Полутемная сценка, заспиртованная в необозримых пустотах моего черепа: Вовкина бычья шея на фоне быка (рваный, дикий камень), над которым бредут кони (дело разворачивается под мостом от Шахты к Фабрике). Из-за быка появляются пятеро казахских пацанов со школьными сумками. Вовка отрывается от быка и – пошла сеча: в зубы, в ухо, в рыло, в харю – только Чувство Правоты, только Вера Отцова может даровать такое бесстрашие. А противники – всего лишь частные лица, без Веры Отцовой они рассыпаются прыгучим сушеным горохом (последний получает завершающий пендель). Сценка эта – из животного Главкосмоса, но Вовкина целеустремленность убила неисчерпаемость: я всегда вижу Вовку в битве, в преодолении – даже когда он в банном морге тартает жестяную шайку к цементному прокрустову ложу. В этой мертвецкой атлетизирующаяся фигура Казака – уменьшенная с коэффициентом 0,95 копия моего папы Яков Абрамовича, – осталось подернуть дымчатой шерстью.
Взвивая ядовитую ртутную пыль, Вовка рвет по зунтам, а за ним с тяжелым топотом несется потерявший терпение Сергей Миронович Киров с вилами наперевес. «Казак, смывайся, Казак, смывайся!» – надсаживаются болельщики, но через час-другой они потихоньку отпадают, отпадают, и герой, как водится, остается один. Нет – с верным другом, которого он – в тот вечер изгнанник и отверженец – тогда-то и обрел во мне.
Я бродил с ним по меркнущим и холодеющим каменным отвалам, хотя дома у меня с каждой просроченной минутой тоже густел и наливался скандал. Но – лучше смерть, чем измена! При добела раскаленной луне (Боже, неужто и сейчас мне светит, безмятежно и беспощадно, та же самая луна?!), под собачий брех и коровий мык, я рискнул пробраться на переговоры. Благородное Чувство Правды вело меня так безошибочно, что Гипсовый Гость временно аннулировал отцовское проклятие. «Как фамилие?» – строго спросил он, словно не узнать хотел, а меня проверить. «Каце…», – начал я, изнемогая от стыда. «Вот с ним и дружи! И еще с Бубырем», – распорядился И. С., не дослушав последних трех каскадов.

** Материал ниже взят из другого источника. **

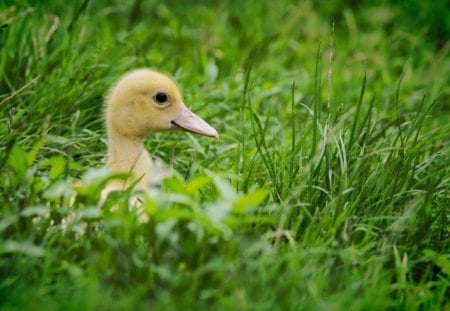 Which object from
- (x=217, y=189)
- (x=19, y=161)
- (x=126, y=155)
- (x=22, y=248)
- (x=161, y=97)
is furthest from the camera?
(x=161, y=97)

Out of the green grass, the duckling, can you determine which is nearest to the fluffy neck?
the duckling

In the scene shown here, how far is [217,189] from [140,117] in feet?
2.50

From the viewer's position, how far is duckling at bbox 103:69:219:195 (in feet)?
14.7

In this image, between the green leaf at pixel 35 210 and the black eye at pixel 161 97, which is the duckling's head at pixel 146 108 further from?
the green leaf at pixel 35 210

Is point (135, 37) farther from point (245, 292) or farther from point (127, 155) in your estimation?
point (245, 292)

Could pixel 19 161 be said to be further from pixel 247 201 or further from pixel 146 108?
pixel 146 108

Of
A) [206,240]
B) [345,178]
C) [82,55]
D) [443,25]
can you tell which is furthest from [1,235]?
[443,25]

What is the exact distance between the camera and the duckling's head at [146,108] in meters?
4.53

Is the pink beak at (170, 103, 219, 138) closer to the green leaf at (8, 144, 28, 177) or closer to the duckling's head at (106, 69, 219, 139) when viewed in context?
the duckling's head at (106, 69, 219, 139)

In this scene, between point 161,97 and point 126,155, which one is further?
point 161,97

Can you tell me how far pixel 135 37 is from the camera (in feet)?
20.2

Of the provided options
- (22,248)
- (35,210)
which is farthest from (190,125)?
(22,248)

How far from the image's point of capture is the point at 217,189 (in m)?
3.93

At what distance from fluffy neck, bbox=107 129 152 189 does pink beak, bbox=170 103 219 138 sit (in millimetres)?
206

Водиться с Бубырем лихой Казак считал западло, но опора на евреев принесла кое-какие плоды: так я, инородец, сумел перевести в тройки безысходные Вовкины двойки по русскому. Но союз с евреями приносит только временные выгоды: через двадцать лет, обретаясь в доме, купленном и содержимом на Вовкины гешефты, И. С., лишь покряхтывая, старался потихоньку ускользнуть из комнаты, где Вовка агрессивно располагался послушать свои «Би-би-си» – «пищалку эту…», выбирая страну проживания, которая пришлась бы ему по богатырскому плечу (он обзавелся прекрасной супругой-жидовкой, с которой жаждали воссоединиться ее израильские родственники). Дурачком-то легче прикидываться, обличал Вовка отцовскую спину, курящуюся выветривающимся гипсом.
А началось Вовкино падение со слов: «Ну ты даешь!», когда я на спор за два-три прочтения запомнил «Лорелею» на практически неизвестном мне немецком языке (что значит автор – тоже еврей – Вовка клялся, что тут не хватит недели).
Вовкина морда раздувается в багрец, в пурпур, в фиолетовую синь – но двухпудовка, которую выжмет еще и не всякий мужик, по миллиметру, но безостановочно, как минутная стрелка, ползет и ползет все выше и выше. Добавьте примесь яростной черноты – и увидите, как вздулась Вовкина физия, когда подгулявший казах в рокочущем, будто крыша под ногой, брезентовом плаще тащил его с подоконника в Клубе.
Мужик в кураже шуганул пацанов – тут без обиды, он в своем праве: мы, не помню с кем, вспорхнули как пух, но Вовку бесчестье (уступить казаху!) налило свинцом. От его ярости охолонул даже брезентовый гуляка и, едва отметившись задом на подоконнике, сразу же куда-то заторопился. Но еще неизвестно, чем бы навернул его рассвирипевший Казак, если бы я не дал ему возможность сделать вид, что его уговорили.